Я почувствовала, как заливаюсь краской.
– Вы ведь тоже католик, верно?
Но Эстеван нисколько не выглядел обиженным.
– В некотором роде, – ответил он. – Я католик по рождению.
– А вы подозревали, что она на это пойдет?
– Нет. Не знаю.
– Вы все равно бы ничего не смогли сделать. Правда.
Я загрузила морковку в пластиковый пакет и отправила в холодильник.
– В моей школе был парень, – сказала я. – Звали его, по-моему, Скотти Ричи. Его считали гением, потому что он был тихий, носил толстые очки и понимал тригонометрию. Он убил себя в день, когда ему исполнилось шестнадцать, как раз тогда, когда все думали: вот, теперь Скотти научится водить машину и будет ездить на свидания к девочкам, и что прыщи у него уже скоро сойдут, и все такое.
И тут: бах! Его находят в сарае с электрическими проводами на шее. В газете написали, что это был несчастный случай, но никто в это не верил. Он, наверное, пять сотен проектов по электричеству сделал для «Четыре-Эйч».
– «Четыре-Эйч»?
– Ну, это такой клуб по интересам. Они там выращивают овец, что-нибудь шьют, шахтерские лампы делают из кеглей для боулинга. Я туда не ходила – это было платное удовольствие.
– Понятно.
– Может, в гостиной посидим? – предложила я.
Перейдя вместе с ним в другую комнату, я согнала кота с дивана. Когда Эстеван сел рядом со мной, мое сердце принялось стучать так сильно, что я испугалась – не будет ли у меня сердечного приступа. Чего Эстевану не хватало – так это еще одной женщины при смерти.
– Так вот никто не понял, что случилось со Скотти, – сказала я. – Но, как я думаю, все так вышло оттого, что у него никого не было. В нашей школе было несколько групп, с которыми ты мог общаться – в зависимости от твоего положения. Там были ребята из города, у которых отцы владели, допустим, магазинами. Их брали в футбольную команду и в чирлидеры. Были хулиганы, чаще всего мотоциклисты, которые на Хэллоуин рубили деревья. И были мы, то есть дети небогатых родителей, дети фермеров. Нас звали грязнулями или тупыми орехоколами. Главное правило было: никаких контактов между группами. Понимаете, что я говорю?
– Да, – отозвался Эстеван. – В Индии есть так называемые касты. Члены разных каст не имеют права вступать в брак и даже есть вместе. Низшую касту называют «неприкасаемыми».
– Но «неприкасаемые» ведь могут касаться друг друга, верно?
– Да.
– Так было и у нас. Тупые орехоколы были в самом низу этой пирамиды, но это было сообщество. Мы общались, приглашали друг друга на выпускной бал, на дни рождения. Правда, все было внутри группы. Но Скотти со своим электричеством и тригонометрией не принадлежал ни к одной из этих групп. Представьте, как если бы все животные на Ноевом ковчеге были парами, а одно животное – без пары.
Вдруг до меня дошло, что я болтаю невесть что. Мама назвала бы это «молоть языком». С полбанки пива я выпила в молчании, а потом продолжила:
– Со Скотти я все понимаю. Но ведь у Эсперансы были… У Эсперансы есть вы! Почему она решила вас оставить? Это нечестно.

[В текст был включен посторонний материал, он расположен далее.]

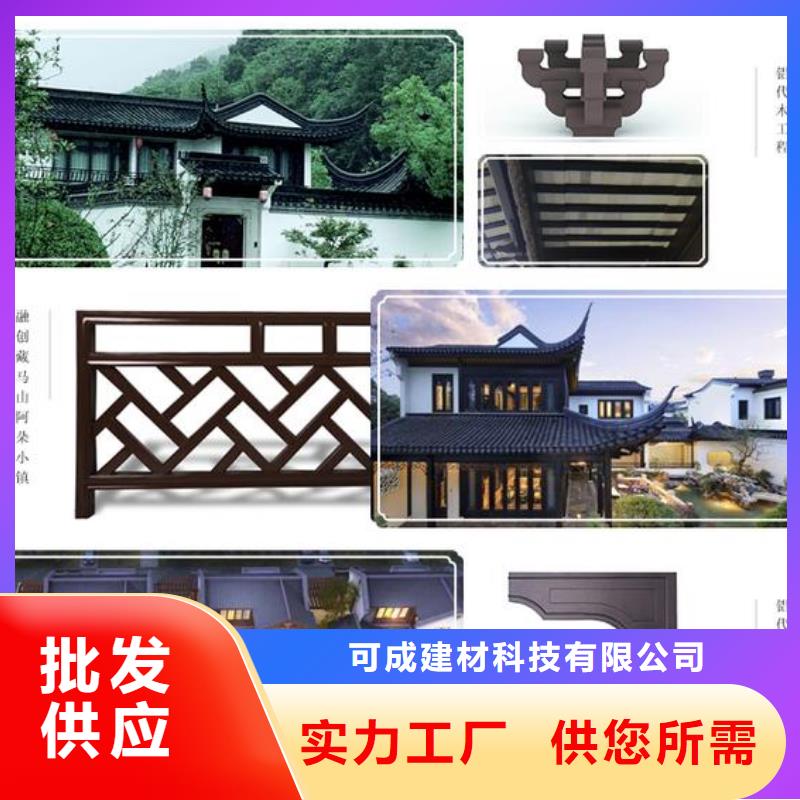 铝合金中式古建畅销全国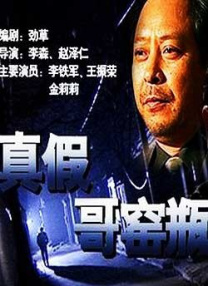 小萝莉被出汁水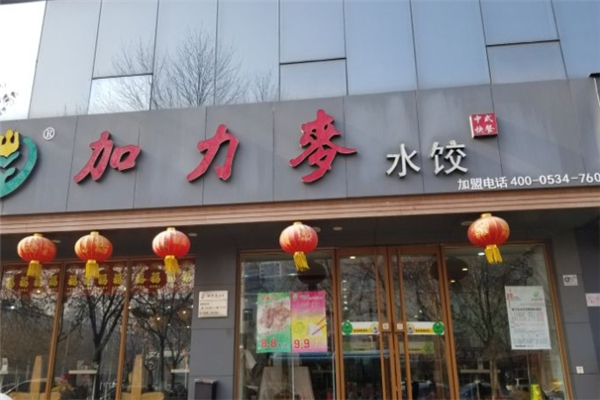 加力麦水饺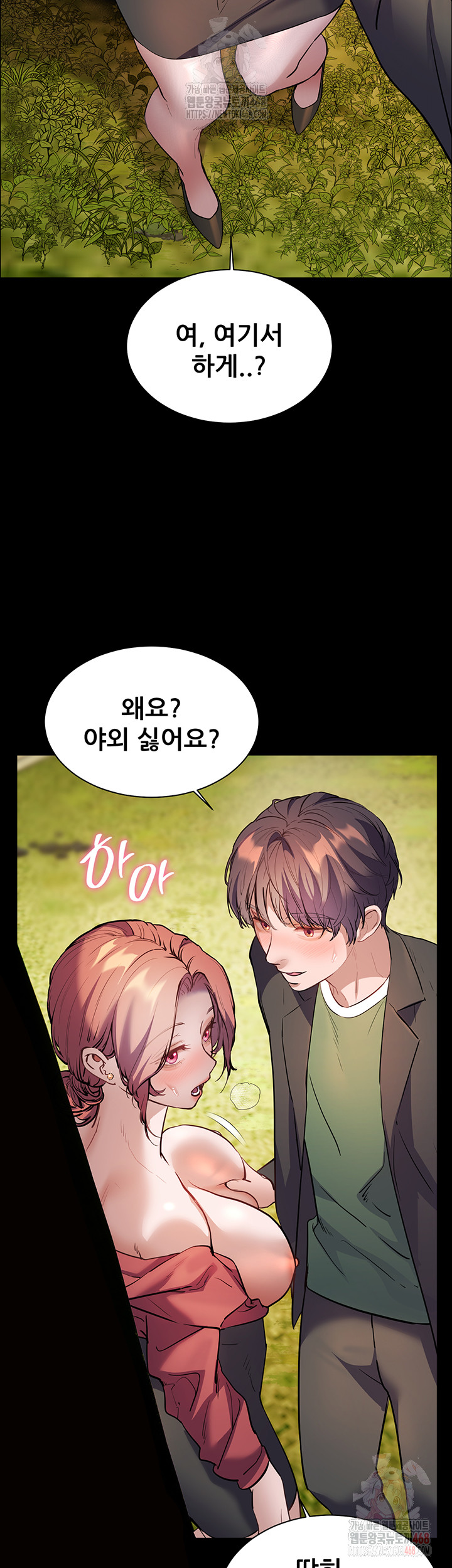The Teachers’ Efforts Raw - Chapter 46 - photo - 6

Я вдруг поняла, что Эсперанса меня прилично разозлила. А интересно, Эстеван тоже на нее в обиде? Но спросить не рискнула. Мы сидели в полутемной гостиной, и каждый думал свою думу. Слышно было только, как мы глотаем пиво.
Затем Эстеван вдруг ни с того ни с сего сказал:
– В Гватемале полиция использует электричество во время допросов. У них есть такая штука, которую они называют телефон. Это, действительно, телефон, но только тот, который используется в полевых условиях. У него собственный генератор с ручкой.
Он показал, как крутят ручку.
– Его так заводят, – кивнула я. – Как в старинных аппаратах.
– Точно, – произнес Эстеван. – Эти телефоны делают в США.
– А как их можно использовать во время допросов? В смысле допрашивают по телефону?
На лице Эстевана промелькнуло чувство досады.
– Они отсоединяют трубку, а провода клейкой лентой прикрепляют к твоему телу. К чувствительным частям.
Он смотрел на меня, и вдруг до меня дошло. Я почувствовала себя так, будто меня сбил грузовик. Живот мне скрутило – как тогда, когда я поняла, что уже час нахожусь в компании мертвого Ньюта Хардбина. Здесь, прямо в лицо тебе, смотрит самое ужасное, что может быть на свете, а ты болтаешь о каких-то шахтерских лампах из кегли для боулинга.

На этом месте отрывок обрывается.